POR QUE GOSTO E NÃO GOSTO DE OBAMA
Ferreira Fernandes
jornalista
ferreira.fernandes@dn.ptDuas
semanas de América e ouvi gente bastante a dizer-me: "Ele inspira-me."
Ouvi uma jovem vereadora de Chicago, hispânica, dizer dele, com os
olhos fascinados: "Ele ouve." Eu próprio ouvi meia dúzia dos seus
discursos. Deixei-me embalar com o seu jeito para o refrão, bom para a
música, bom para os sermões, bom para qualquer conversa. Ele tem aquele
jeito elegante que sempre invejei nos meus amigos mulatos de Luanda.
Num debate, na Carolina do Sul, depois de dizer que hesitava em chamar
"brother" (irmão) a Bill Clinton, ele rematou: "Preciso de estudar
melhor o seu jeito para a dança." Não vi, mas Obama deve dançar leve. E
gosto do seu jeito para ironizar, num debate, sobre pretensas vantagens
raciais.
Já não gosto do gosto nele em dizer-se "afroamericano". Porque é pouco.

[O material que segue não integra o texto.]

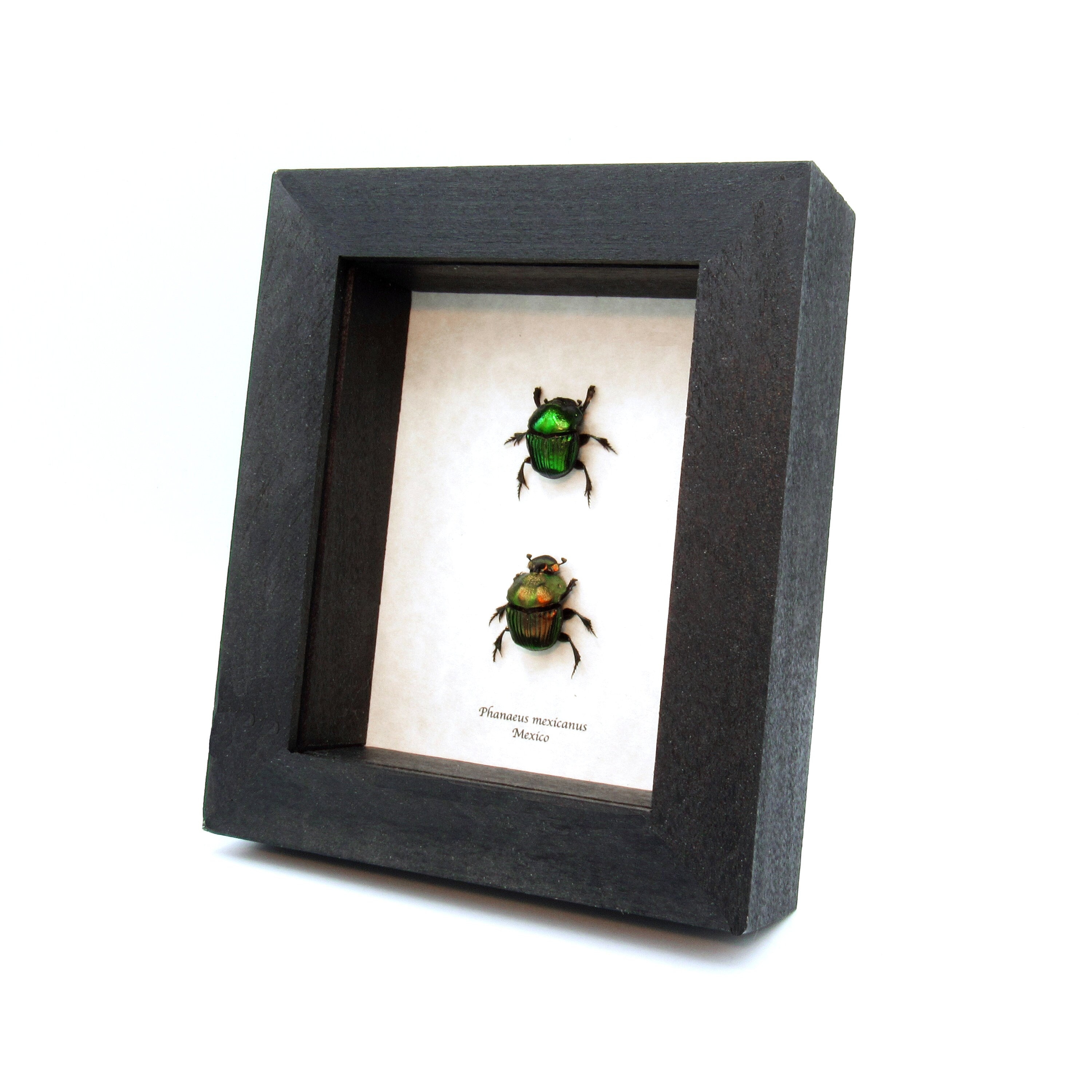 Dung Beetle Dried - Etsy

É como ser irlandês da América. É passado. A América dos imigrantes por
causa da fome da batata, já era. E da escravatura, também. Aliás, é
mentira. Barack Obama não é afroamericano. Não é descendente dos negros
que mudaram de continente com grilhetas. É filho de um estudante
queniano que escolheu a América e escolheu a mulher, uma branca do
Kansas.
Essa origem de Obama fá-lo muito mais próximo dos garotos mestiços de
Lisboa ou de Saint-Denis do que de Mahalia Jackson. Os afroamericanos
deram Mahalia a cantar "Take My Hand, Precious Lord" e só isso
justifica o big-bang que o Universo um dia fez. Os garotos globalização
- de Lisboa a South Side Chicago - nem precisam do que os justifique na
História: eles são a História em movimento. Um dia, ouvi um jovem poeta
mulato martiniquês a dizer o seu avanço sobre o velho poeta mulato
martiniquês Aimé Césaire, pai da negritude: "Sou a primeira geração que
andou na escola com brancos, negros, indianos e chineses, eu sou o que
o mundo vai ser." Obama andou na escola, em Honolulu, com brancos,
havaianos, japoneses, andou com o mundo a partir de agora inevitável e
ainda bem.
Gosto de Obama porque disse que gostava da América nem azul (democrata)
nem vermelha (republicana) mas púrpura. Os bons espíritos também se
juntam nas imagens e foi exactamente isso que ouvi o o bom bispo Tutu
cantar e dançar no dia em que acabou o apartheid na África do Sul. Não
gosto de Obama pertencer à igreja United Trinity Church, que está na
fronteira do racismo negro.
Compreendo que esse afroamericanismo lhe traz a vantagem de 80% de
votos negros na Califórnia. Mas a grandeza da América de hoje é o Idaho
(população branca: 96,99%; negra: 0,65%) votar mais nele do que numa
loura. E a grandeza da América é Obama ser a América. Ele tem na cara o
programa da modernidade. É pena que se refugie, por vezes, no passado.